Has it come to this? The Associated Press reported on Dec. 5 that a 60-year-old painting on view at NY’s Metropolitan Museum of Art – showing a preteen girl dozing in a chair with a sliver of her underwear showing – provoked an online protest to get it out of sight. Signed by thousands, the plea contends that showing this work “is romanticizing voyeurism.” The museum doesn’t see it that way and neither do I.
Look, ma, no hands
Granted the current climate in the nation is stormy with scores of sexually abused women rising up to get their offenders out of seats of power.
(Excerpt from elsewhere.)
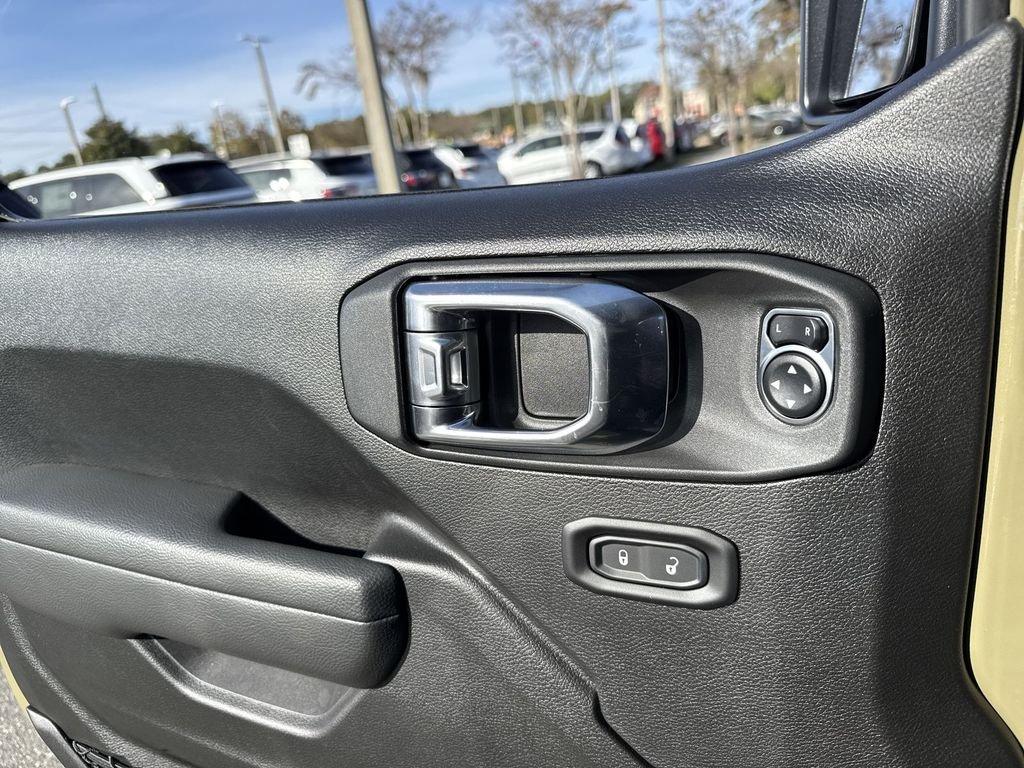 Jeep Gladiator Sport S 4X4 - Thumbnail 14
But should a painting that may or may not hint at lechery also be banished? If yes, a lot of paintings held in museums around the world should be taken down, beginning with works at the Met besides the one in contention, namely “Therese Dreaming” by Balthus. As far as he’s concerned, there are a whole lot of his works that are way more sexually-charged than that of a sleeping kid with her underwear showing. I’m thinking of his flat-out disturbing privately owned painting “Guitar Lesson,” which shows a female teacher fingering the genitals of her student like the strings of the instrument.
What were you thinking?
Besides the Met’s Balthus, the museum’s American wing holds a life-size marble nude called “The White Captive” by Erastus Dow Palmer, who was well known for working directly from live nude models - his daughters.
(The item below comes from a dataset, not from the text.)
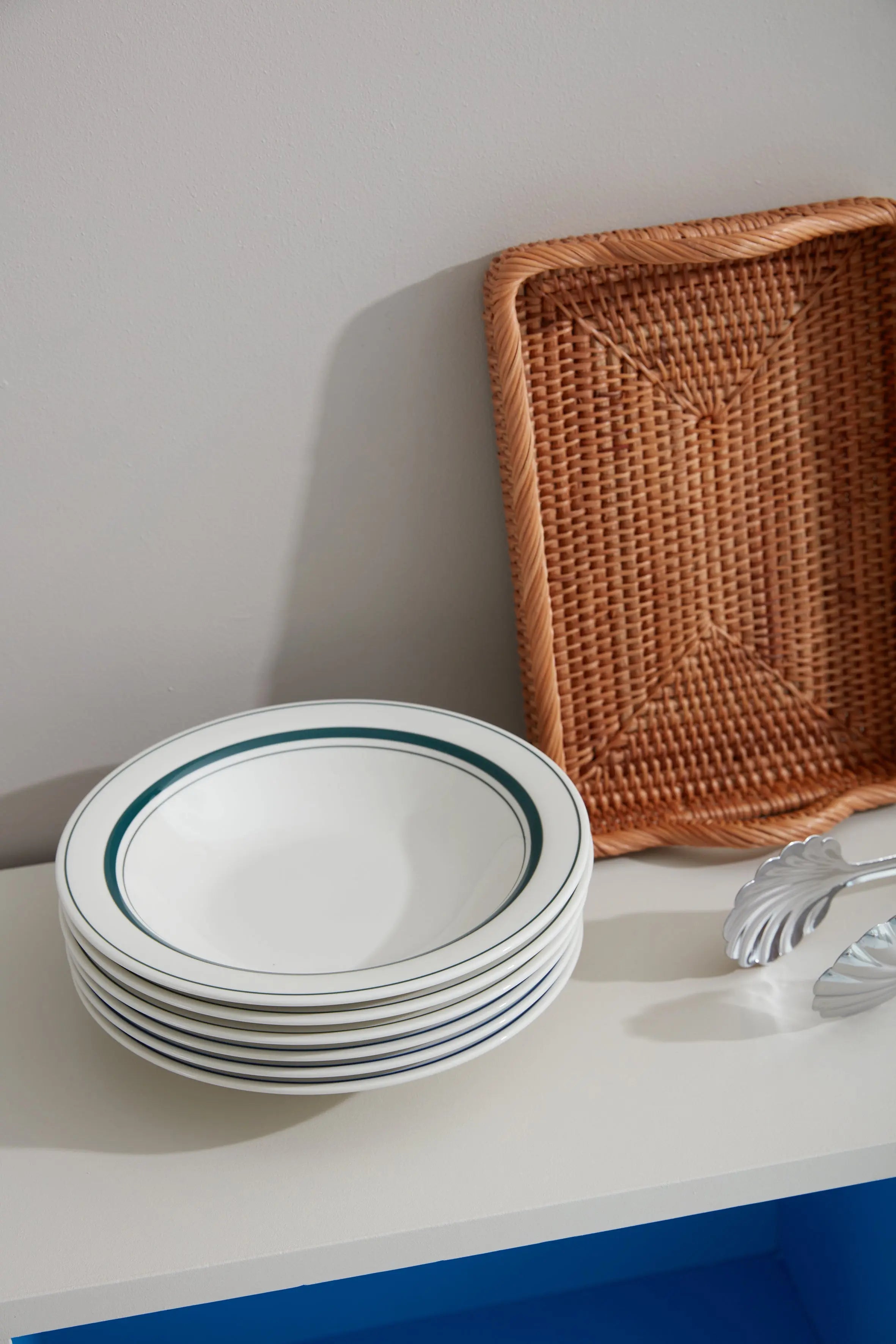 Håndlavet serveringsbakke i rattan Studio Hafnia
If “Therese Dreaming” can be faulted for “romanticizing voyeurism,’ shouldn’t the study of his children maturing bodies be judged incestuous? In a similar way, isn’t Renoir, who pictured a naked prepubescent female in “Young Girl Bathing” hanging in the Met European wing, guilty of romanticizing pedophilia?
Renoir seems to have answered the question when he famously said, ”It’s with my brush that I make love.”
Riding high at a female’s expense
Talk about a hot-button painting. If “Therese Dreaming” is objectionable, where’s the outcry over the outright prurience of “The Swing” by Jean-Honore Fragonard’s, which describes a girl riding a swing while a smirking man hiding in the bushes just below her looks up under her billowing skirt?
Art history indicates that the idea for the painting came from a courtier who wanted likenesses of his mistress and him. But the artist he first commissioned, Gabriel Francois Doyen, was repelled by the idea. The job then went to Fragonard. Prurient? Sure. Even so, where is the equivalency between sexual abuse and a painting that merely hints at it? Isn’t that like faulting a person for simply thinking unclean thoughts?
Letting it all hang out
Speaking for the Met, Ken Weiner was quoted saying that the museum will keep the Balthus painting on the wall because it offers a teaching moment for the public. "Moments such as this provide an opportunity for conversation.” We need that.